Qu’elle y croie ou pas, elle invente, depuis l’autre côté de l’Atlantique, un mariage qu’elle annonce à sa famille : celle-ci ne manque pas de tomber dans le panneau, et fait une déclaration officielle. La Gazette de Guernesey puis les journaux londoniens annoncent immédiatement les épousailles. Pendant ce temps, elle continue à suivre et à harceler Pinson à chacun de ses déplacements, jusqu’à La Barbade (juin 1866), où elle a pour projet de l’épouser sous hypnose. Son frère François-Victor écrit qu’elle « perd la tête à la recherche de son triste idéal », elle qu’il appelle « notre pauvre égarée », sans cesser néanmoins d’affirmer sa hâte de la revoir.

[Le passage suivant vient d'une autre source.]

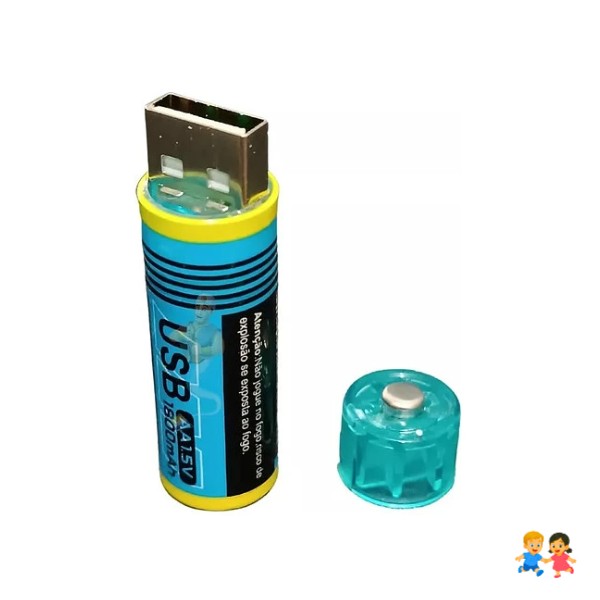 Batería Usb Recargable Aa 1,5v Alto Rendimiento .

Le Journal d’Adèle Hugo, tome I, 1952 – Bibliothèque historique de la ville de Paris
L’impétueuse promet à maintes reprises son retour, mais on finit par ne plus la croire et se résigner à la perdre. Victor écrit en 1869 : « Hélas ! je n’espère plus Adèle ». Cependant, celle-ci est de moins en moins discrète au fur et à mesure que sa raison s’étiole. On la voit, par exemple, sous les grandes chaleurs caribéennes se promener en manteau de fourrure ; elle serait en proie, de plus en plus, à des hallucinations et des visions. Elle sera donc rapatriée de force.
La maison Hugo
La diariste de 42 ans retrouve finalement la solitude et l’isolement de Hauteville House, qui avaient eu raison de sa santé mentale. Elle est placée à la maison de santé pour femmes de Saint-Mandé, où elle continue à écrire et jouer du piano, comme elle l’a fait toute sa vie. Son état se stabilise, et, après la mort de son père en 1885, elle vit confinée et oubliée au château de Suresnes. Sa mort ne suscite que peu d’émotion dans la presse de 1915, bien occupée il faut dire par les actualités de la Première Guerre mondiale.

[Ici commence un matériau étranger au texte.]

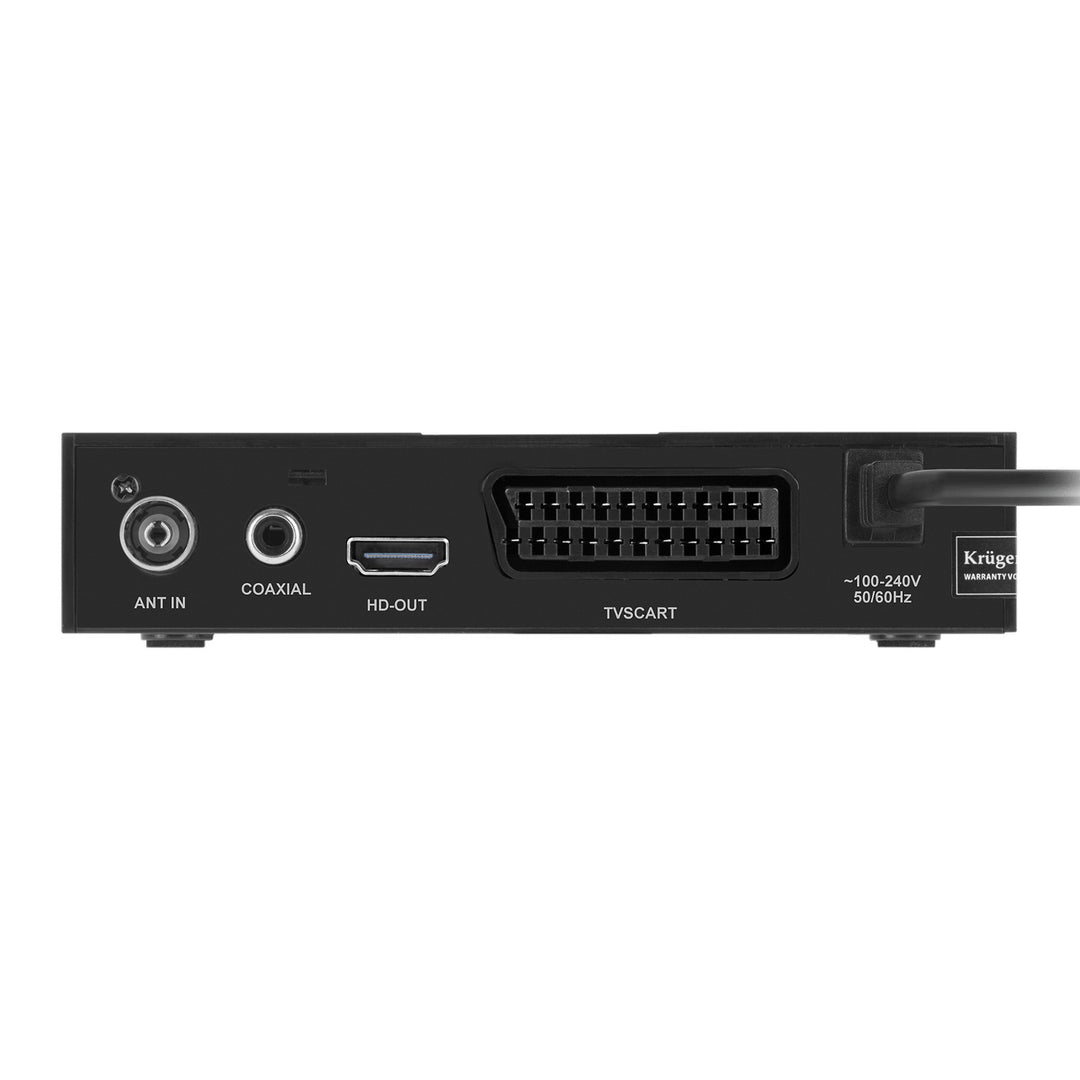 KM0550D DVB-T2 Tuner and Decoder with H.265 HEVC, EPG, PVR, and Timeshift by Kruger&Matz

Adèle Hugo par sa mère, en 1833
Léopoldine, François-Victor et Adèle n’ayant pas eu d’enfants, les seuls héritiers du couple Hugo-Foucher sont les enfants de Charles : Georges (1868-1925) et Jeanne (1869-1941). Après la mort prématurée de leur père (ils n’ont que 3 et 2 ans), ils sont élevés par Victor Hugo, qui les retire à leur mère (car il s’opposait à son remariage), et à qui ils inspireront l’Art d’être grand-père.

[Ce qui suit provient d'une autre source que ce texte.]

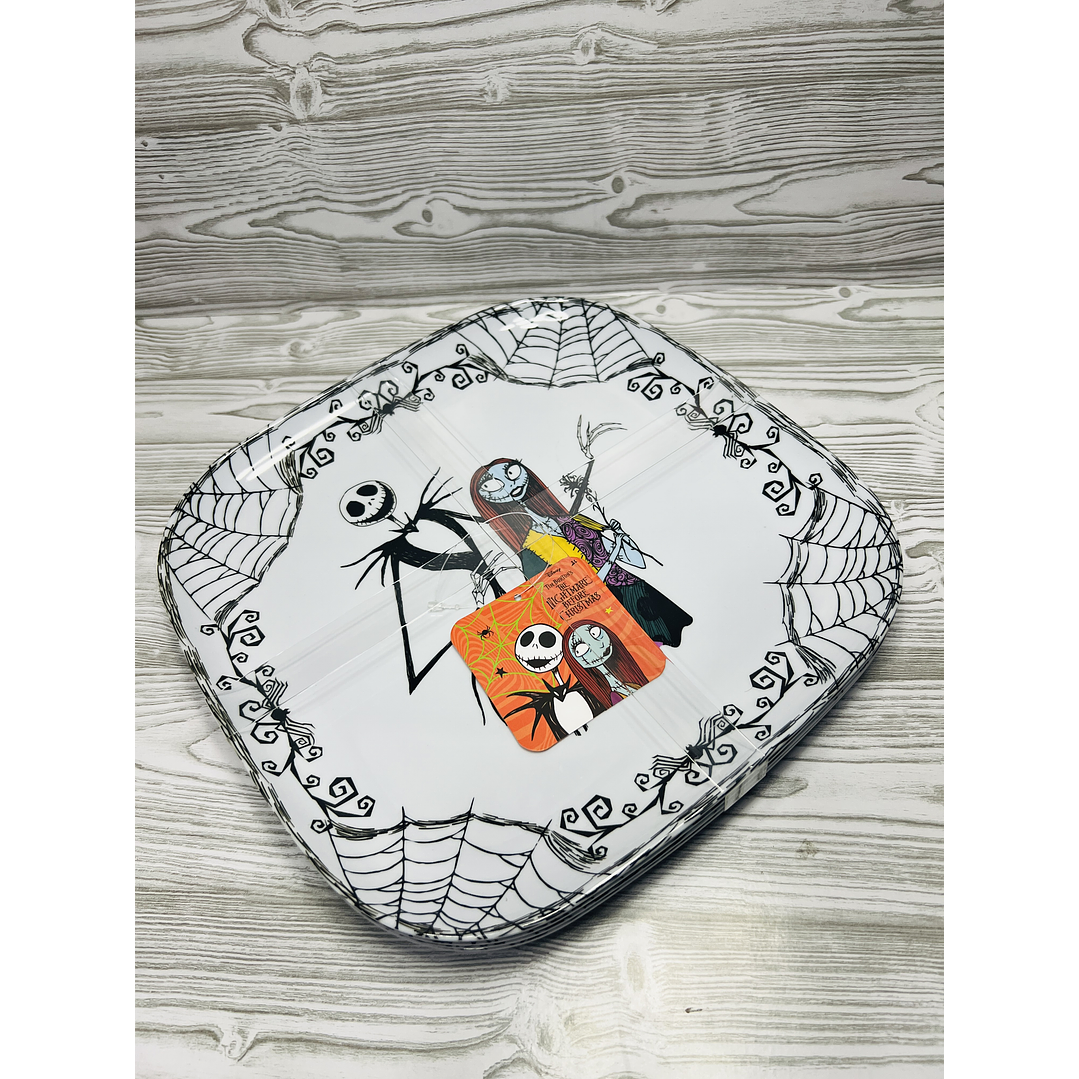 Set Platos Jack Skellington 2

Victor Hugo et ses petits-enfants, Georges et Jeanne – Achille Méandri, 1881 – Maison Victor-Hugo
Georges ne trahit pas l’âme d’artiste de la famille : il devient peintre, notamment dans les tranchées lors de la Première Guerre mondiale. Il fréquente la bonne société (et se marie en conséquence avec la présidente de la Ligue des droits de l’homme, puis la fille d’un député), mais meurt dans la misère à 56 ans. Il laisse trois enfants : Jean Hugo, peintre lui aussi ; Marguerite Hugo, agricultrice ; François Hugo, orfèvre-joaillier.
Jeanne Hugo fréquente également du beau monde, et elle veille de près à la préservation de l’héritage et du patrimoine de son grand-père : à la mort de Georges, elle fait don d’Hauteville House à la ville de Paris. Elle a un fils, Charles Daudet.
Un certain nombre de leurs descendants sont encore vivants à ce jour. Adèle Hugo, elle, n’est pas oubliée, même si la littérature lui a un temps préféré Léopoldine et son destin tout aussi tragique.